Le royaume est le berceau de nombreuses légendes, anciennes comme nouvelles, et ses habitants ne refusent jamais une bonne histoire. Avant l'An 0, la région rassemblait un grand mélange de cultures et de régimes, terres sauvages de seigneurs de guerre, cultes polythéistes et royaumes divers, et fut le théâtre de sagas de héros mythiques. Uldran le Conquérant, l'un des plus célèbres, devint le premier roi unificateur de Crey, apportant l'harmonie par la conquête, le feu et le sang, et unifiant même les Mers barbares. On y comptait autrefois des communautés bâties autour de monolithes et de menhirs liés au culte d'Élezor, objets depuis jetés à terre et détruits comme hérétiques. Les cultures prédominantes sont les Creysidhes et les Oshra.
Parmi les villes et lieux notables, Ostmark, la capitale politique du Duché de Falkia, est une ville de pierres blanches taillées bâtie sur un quadrillage symétrique, où le monarque règne depuis le Palais blanc et le Trône de verre, où les armes sont interdites à tous sauf aux Agents de la Paix, et à laquelle sont accolés les splendides Jardins de Lyr-aux-Or. Arkos la Sainte est le cœur religieux du royaume et de tous les priants de Petra, siège de l'ordre des Zerths, formé de trois oracles, l'un en Puissance qui dirige la religion, l'un en Déclin qui enseigne, et l'un en Ascension qui apprend le don de clairvoyance. Scorva la Vertueuse, confiée il y a trois siècles à l'ordre austère des Bergers d'Atrom, a assimilé un mode de vie sobre où l'opulence est interdite et la population majoritairement pauvre.
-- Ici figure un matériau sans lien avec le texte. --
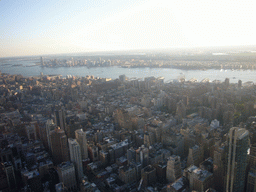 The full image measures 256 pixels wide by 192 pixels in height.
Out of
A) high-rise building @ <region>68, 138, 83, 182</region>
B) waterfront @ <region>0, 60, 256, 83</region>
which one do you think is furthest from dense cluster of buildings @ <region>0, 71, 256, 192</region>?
waterfront @ <region>0, 60, 256, 83</region>

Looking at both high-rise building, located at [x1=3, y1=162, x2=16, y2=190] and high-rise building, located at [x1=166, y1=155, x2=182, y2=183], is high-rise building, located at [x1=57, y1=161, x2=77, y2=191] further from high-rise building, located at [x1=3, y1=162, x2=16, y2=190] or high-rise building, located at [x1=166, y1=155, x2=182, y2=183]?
high-rise building, located at [x1=166, y1=155, x2=182, y2=183]

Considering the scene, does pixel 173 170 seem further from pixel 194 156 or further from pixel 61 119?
pixel 61 119

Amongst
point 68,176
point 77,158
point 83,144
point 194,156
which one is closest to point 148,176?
point 194,156

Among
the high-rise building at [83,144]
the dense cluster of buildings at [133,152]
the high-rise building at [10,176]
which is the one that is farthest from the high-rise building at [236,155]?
the high-rise building at [10,176]

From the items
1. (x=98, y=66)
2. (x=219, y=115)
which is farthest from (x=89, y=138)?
(x=98, y=66)

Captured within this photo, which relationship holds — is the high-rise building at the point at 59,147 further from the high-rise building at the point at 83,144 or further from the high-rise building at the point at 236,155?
the high-rise building at the point at 236,155

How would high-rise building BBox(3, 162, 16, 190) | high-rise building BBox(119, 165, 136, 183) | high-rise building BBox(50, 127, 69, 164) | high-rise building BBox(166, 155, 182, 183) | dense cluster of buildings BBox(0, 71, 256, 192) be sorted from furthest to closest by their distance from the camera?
high-rise building BBox(50, 127, 69, 164), high-rise building BBox(3, 162, 16, 190), high-rise building BBox(119, 165, 136, 183), high-rise building BBox(166, 155, 182, 183), dense cluster of buildings BBox(0, 71, 256, 192) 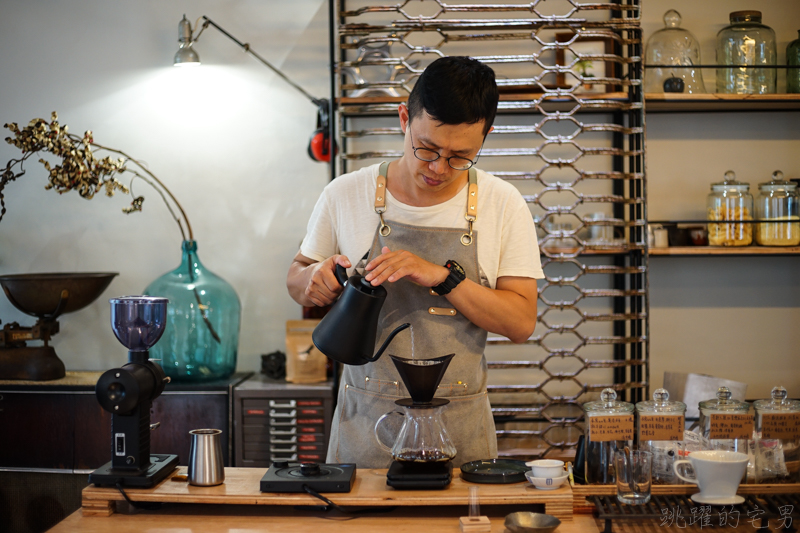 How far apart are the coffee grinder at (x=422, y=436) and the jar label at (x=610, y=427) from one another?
13.0 inches

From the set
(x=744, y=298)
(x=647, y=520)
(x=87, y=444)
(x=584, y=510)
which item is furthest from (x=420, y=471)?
(x=744, y=298)

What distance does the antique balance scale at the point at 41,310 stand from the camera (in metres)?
3.17

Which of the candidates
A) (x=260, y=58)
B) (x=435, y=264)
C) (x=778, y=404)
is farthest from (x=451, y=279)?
(x=260, y=58)

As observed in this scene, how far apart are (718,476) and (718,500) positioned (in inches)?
2.0

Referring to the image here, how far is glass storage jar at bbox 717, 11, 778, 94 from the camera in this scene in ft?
11.0

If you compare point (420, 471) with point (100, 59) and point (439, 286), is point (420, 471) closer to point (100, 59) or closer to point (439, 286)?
point (439, 286)

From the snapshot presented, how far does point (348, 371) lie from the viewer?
1996 mm

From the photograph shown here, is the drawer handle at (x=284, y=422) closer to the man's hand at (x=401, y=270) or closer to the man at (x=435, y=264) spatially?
the man at (x=435, y=264)

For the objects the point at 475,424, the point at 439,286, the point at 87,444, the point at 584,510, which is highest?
the point at 439,286

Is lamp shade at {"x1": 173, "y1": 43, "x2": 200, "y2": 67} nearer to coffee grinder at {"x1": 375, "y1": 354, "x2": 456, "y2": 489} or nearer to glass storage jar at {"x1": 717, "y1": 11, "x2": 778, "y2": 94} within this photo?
coffee grinder at {"x1": 375, "y1": 354, "x2": 456, "y2": 489}

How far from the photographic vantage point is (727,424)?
1.59 metres

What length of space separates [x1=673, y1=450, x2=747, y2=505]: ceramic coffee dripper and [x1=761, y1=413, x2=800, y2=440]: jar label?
0.13 metres

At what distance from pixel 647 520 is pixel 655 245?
2.16m

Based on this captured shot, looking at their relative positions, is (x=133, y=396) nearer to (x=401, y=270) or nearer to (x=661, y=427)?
(x=401, y=270) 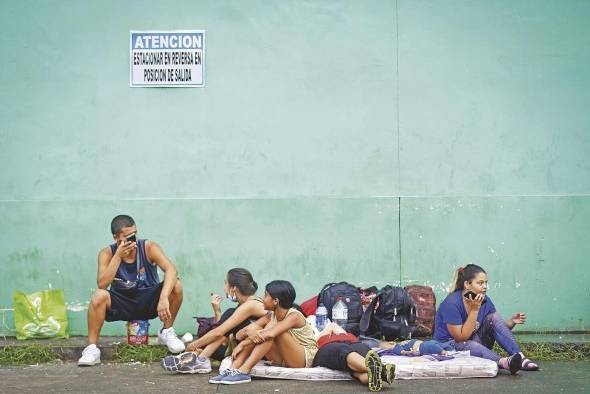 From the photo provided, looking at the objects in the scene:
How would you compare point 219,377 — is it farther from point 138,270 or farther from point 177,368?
point 138,270

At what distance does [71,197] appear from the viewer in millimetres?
8516

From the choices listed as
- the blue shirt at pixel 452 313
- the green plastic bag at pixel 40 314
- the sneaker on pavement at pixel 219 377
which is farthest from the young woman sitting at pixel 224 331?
the green plastic bag at pixel 40 314

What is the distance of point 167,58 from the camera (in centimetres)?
851

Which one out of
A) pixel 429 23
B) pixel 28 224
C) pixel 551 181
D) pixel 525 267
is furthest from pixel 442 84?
pixel 28 224

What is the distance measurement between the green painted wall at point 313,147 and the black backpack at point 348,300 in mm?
441

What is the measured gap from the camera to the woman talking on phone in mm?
7004

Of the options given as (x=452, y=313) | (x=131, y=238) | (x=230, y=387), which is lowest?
(x=230, y=387)

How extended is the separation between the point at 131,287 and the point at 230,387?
1661 mm

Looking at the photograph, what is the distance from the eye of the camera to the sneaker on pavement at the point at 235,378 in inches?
260

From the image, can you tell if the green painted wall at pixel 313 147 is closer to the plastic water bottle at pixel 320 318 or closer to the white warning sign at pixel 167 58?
the white warning sign at pixel 167 58

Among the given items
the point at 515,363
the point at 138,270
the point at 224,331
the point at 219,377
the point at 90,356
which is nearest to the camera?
the point at 219,377

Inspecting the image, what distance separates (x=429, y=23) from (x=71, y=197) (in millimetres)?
3859

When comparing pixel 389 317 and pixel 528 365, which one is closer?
pixel 528 365

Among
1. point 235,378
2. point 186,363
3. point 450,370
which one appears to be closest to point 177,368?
point 186,363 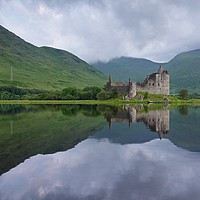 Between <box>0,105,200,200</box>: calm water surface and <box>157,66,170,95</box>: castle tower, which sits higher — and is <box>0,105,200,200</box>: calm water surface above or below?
below

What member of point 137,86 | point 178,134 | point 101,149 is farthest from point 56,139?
point 137,86

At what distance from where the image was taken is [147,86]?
142m

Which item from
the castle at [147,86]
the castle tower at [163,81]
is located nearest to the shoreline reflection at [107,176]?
the castle at [147,86]

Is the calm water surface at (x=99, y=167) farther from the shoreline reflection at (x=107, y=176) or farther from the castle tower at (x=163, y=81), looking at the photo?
the castle tower at (x=163, y=81)

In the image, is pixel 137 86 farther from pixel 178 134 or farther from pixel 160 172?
pixel 160 172

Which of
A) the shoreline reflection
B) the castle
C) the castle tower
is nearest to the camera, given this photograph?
the shoreline reflection

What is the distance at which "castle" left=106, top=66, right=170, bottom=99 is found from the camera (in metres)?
136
Le Pic des Anciens a intégré à ses fortifications les anciens menhirs jadis voués à Élezor et élève les corbeaux dressés de la milice de Kendachar. Cor Dùnlan, la plus grande ville du royaume dans le duché de Lucrezia, est un port ancien, sale et labyrinthique, propice au crime organisé et réputé pour la Toison du Nord, la plus grande bannière jamais tissée.
Au nord s'étendent enfin les Mers barbares, une étendue glaciale de petites îles et de banquises abritant les peuples côtiers nomades appelés les Oshras, illuminée presque chaque nuit d'aurores boréales. Bien que ces eaux appartiennent au royaume de Crey, leurs habitants vivent selon leurs propres lois et fois, sous une allégeance symbolique et fragile à la couronne. Crey a préféré s'acheter la paix : en échange d'un tribut annuel, les clans oshras défendent ses côtes contre d'autres clans venus de plus loin au nord. Même perçus comme de vulgaires païens, ces peuples ont des croyances ancrées à celles d'Elezor, de Ridur ou d'Athlis, et considèrent comme sacrées les majestueuses baleines-récifs, véritables havres de vie dans ces terres impardonnables, qu'ils refusent de chasser.